While croquet competition is temporarily inactive it's time for a reflective look at the game. The modern game of croquet is reputed to have started in Ireland in the 1830s and was taken to England during the 1850s.
"It became an instant success, one reason being because it provided the first opportunity for women to participate in an outdoor sport on an equal basis with men," according to Dr Ian Plummer of Oxford Croquet.
An insight into how the sport was promoted at the time is provided by an extract from "How to play Croquet", dated 1878, as follows: "It comes as an outdoor sport for the men, ladies, misses, and even little children - for the rich and for the poor, the strong and the weak, easily learned, and always intensely interesting and attractive to all".
Croquet in NSW has a proud history, from its first tournament between seven founding clubs at the Sydney Cricket Ground in 1906, to the now 70 clubs in 2020 throughout the State. Croquet provides an opportunity to engage in an inclusive, rewarding and competitive sport.
Participants range from social players to International representatives. Croquet and mallet sports prides itself on the welcoming and nurturing culture within its clubs and the wider croquet family, plus with positive engagement with their local community.
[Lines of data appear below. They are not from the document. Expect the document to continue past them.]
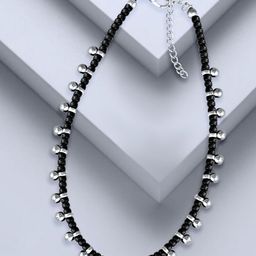 MEENAZ Silver-Plated Artificial Beads Anklet-18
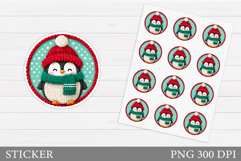 Crochet Penguin Sticker Design. Christmas Sticker Printable Product Image 1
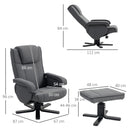 HOMCOM Rocker Swivel Recliner Chair With Footstool, Upholstered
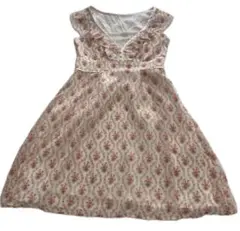 小花柄フリル袖ワンピース Vネック フェミニン ピンク 春夏　M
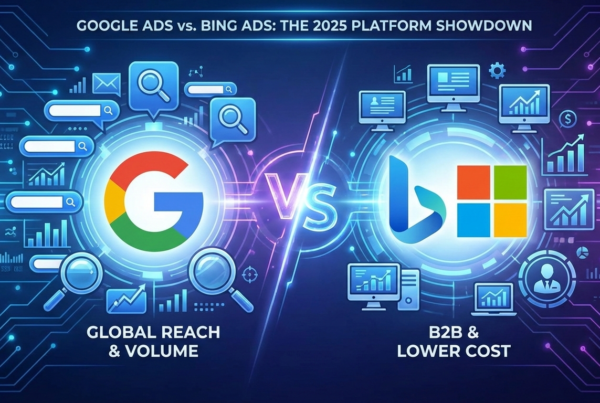 A futuristic digital comparison graphic titled 'Google Ads vs. Bing Ads: The 2025 Platform Showdown'. The left side features the Google logo with text 'Global Reach & Volume', while the right side shows the Bing and Microsoft logos with text 'B2B & Lower Cost', separated by a glowing 'VS' symbol.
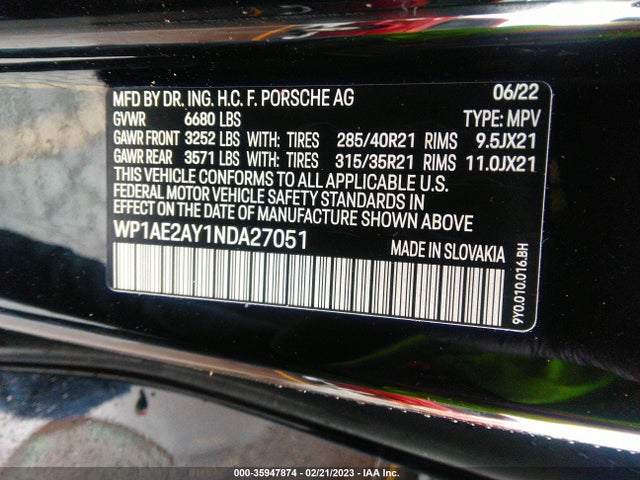 2022 Porsche Cayenne, VIN: WP1AE2AY1NDA27051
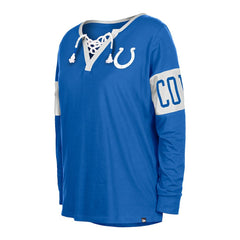 Indianapolis Colts New Era Women's Lace-Up Notch Neck Long Sleeve T-Shirt - Blue outlet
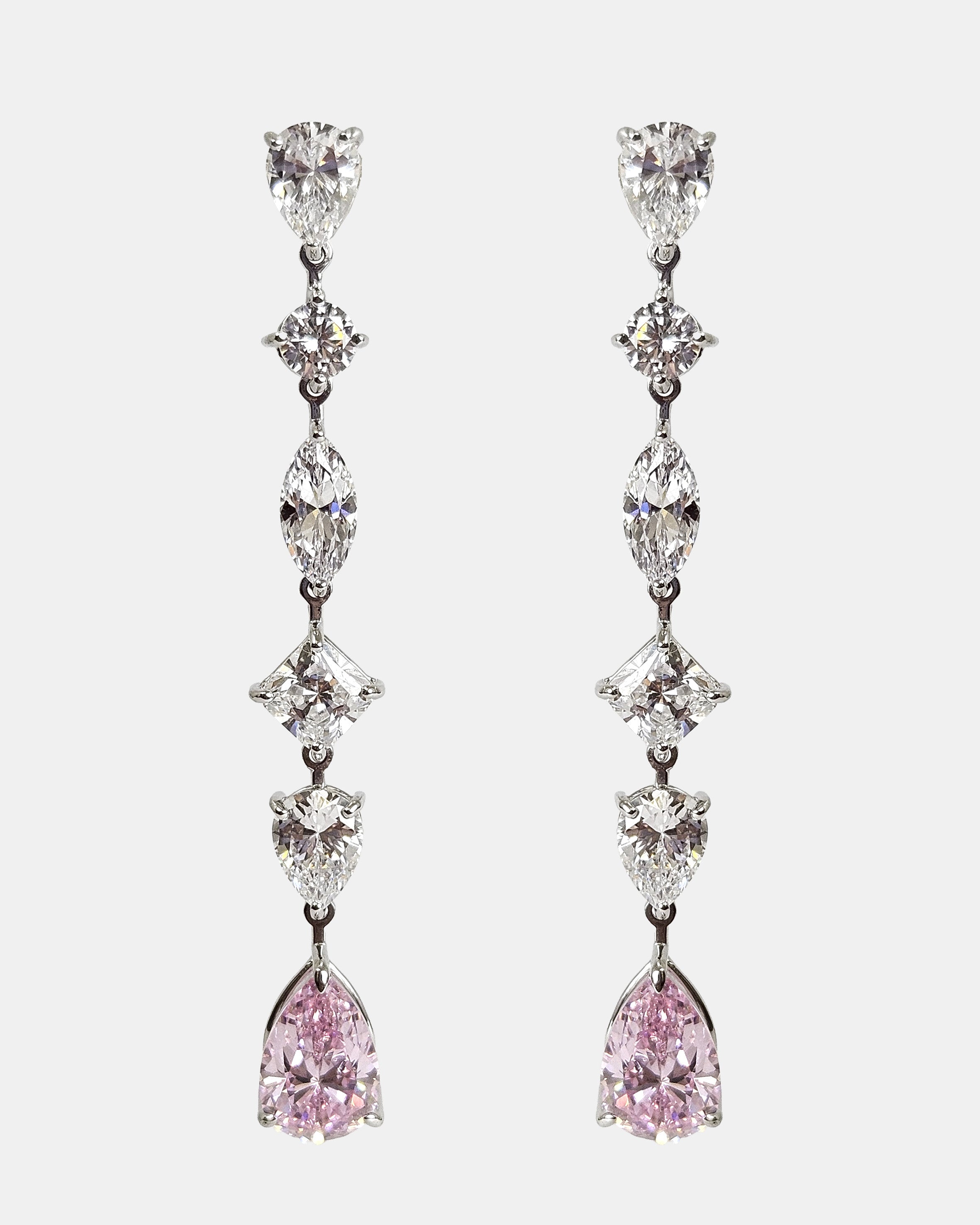 Pendiente plata cascada y zirconita rosa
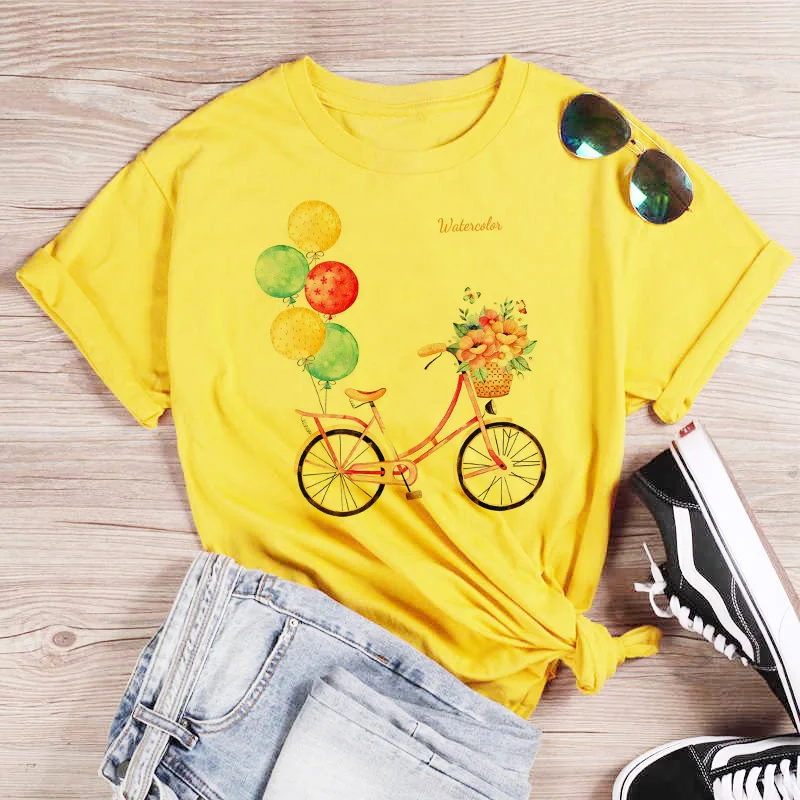 Pink T Shirt Women Beautiful Scenery Bicycle Vogue Casual Tshirt Harajuku Korean Style Graphic Tops Kawaii Short Sleeve T-shirt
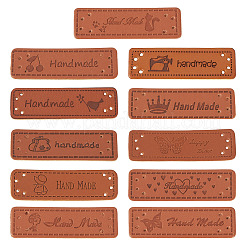 20 étiquette rectangulaire en similicuir&nbsp;FIND-TA0008-52
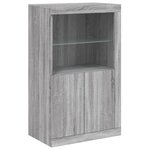 vidaXL Buffet avec lumières LED sonoma gris 202x37x100 cm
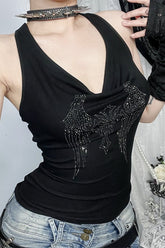 Cross Rhinestone Draped Neck Backless Tank Top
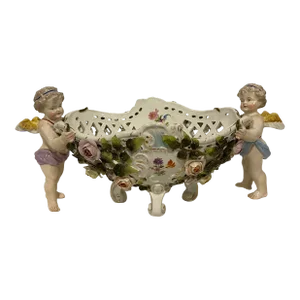 Late 19th Century Stitzendorf Reticulated Bowl With Cherubs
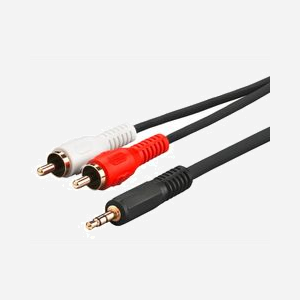 Câble audio Microconnect AUDLC15G Jack 3.5mm vers 2x RCA stéréo 15m noir pour amplificateurs et enceintes - Miniature 1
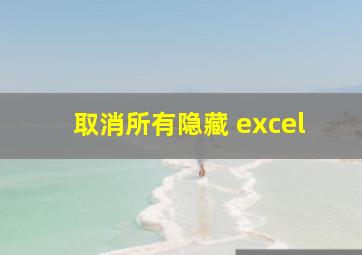 取消所有隐藏 excel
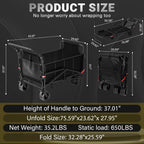 LEVELEVE Heavy Duty Folding Wagon - 2-in-1 Collapsible Cart, 650lb Capacity, All-Terrain Wheels w/Brakes & Side Pockets (Black)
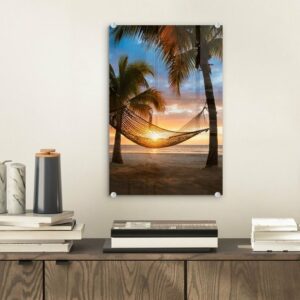 MuchoWow Acrylglasbild "Sonnenuntergang - Hängematte - Palme", (1 St), Glasbilder - Bilder auf Glas Wandbild - Foto auf Glas - Wanddekoration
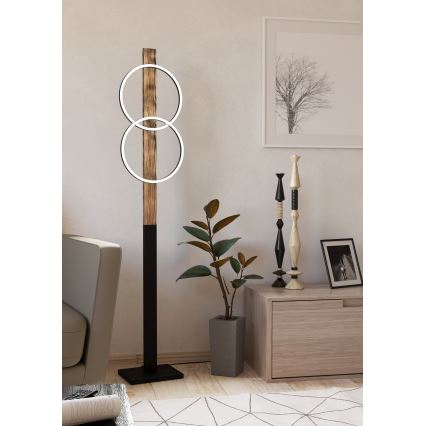 Eglo - LED stojeća lampa 2xLED/12W/230V 3000K braon/crna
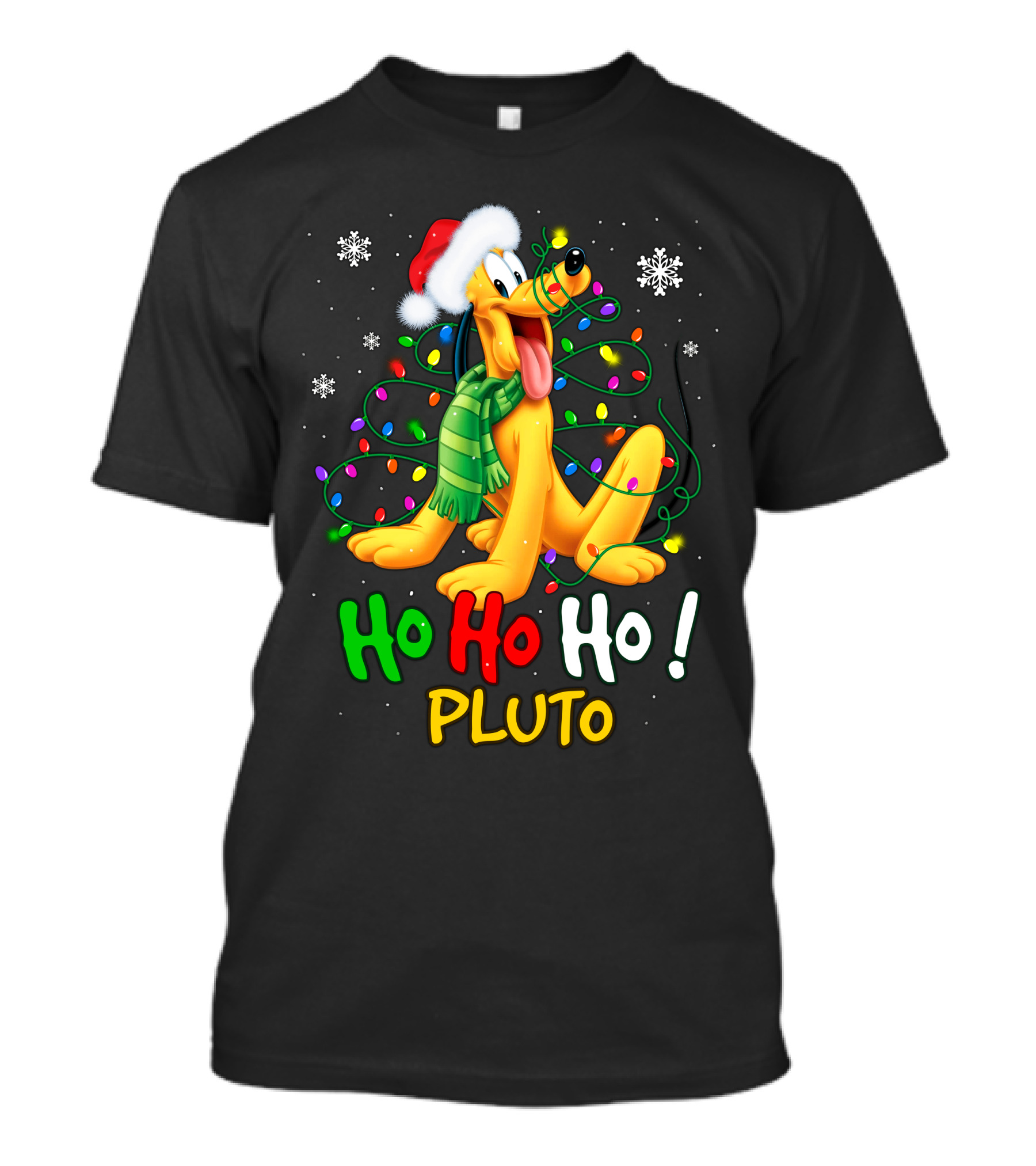 Pluto Ho Ho Ho Christmas Lights Santa Hat T-Shirt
Croquet NSW acknowledges the original owners, past, present and emerging of the lands on which we play. (An extract from the Strategic Plan of Croquet NSW)
"Golf Croquet" is played with a mallet over a course of 6 repeated hoops, using 4 coloured balls, one point being scored for the first ball through each hoop, circulating the hoops until one team (doubles, one ball per player) or one player (singles, two balls per player) scores 7 points.
Tactics of the game involve getting close enough to the hoop to score, playing a ball to block your opponent's ball, and knocking an opponent's ball out of a scoring position. So it is more complex than making a putt in golf and is more like the tactics used in billiards.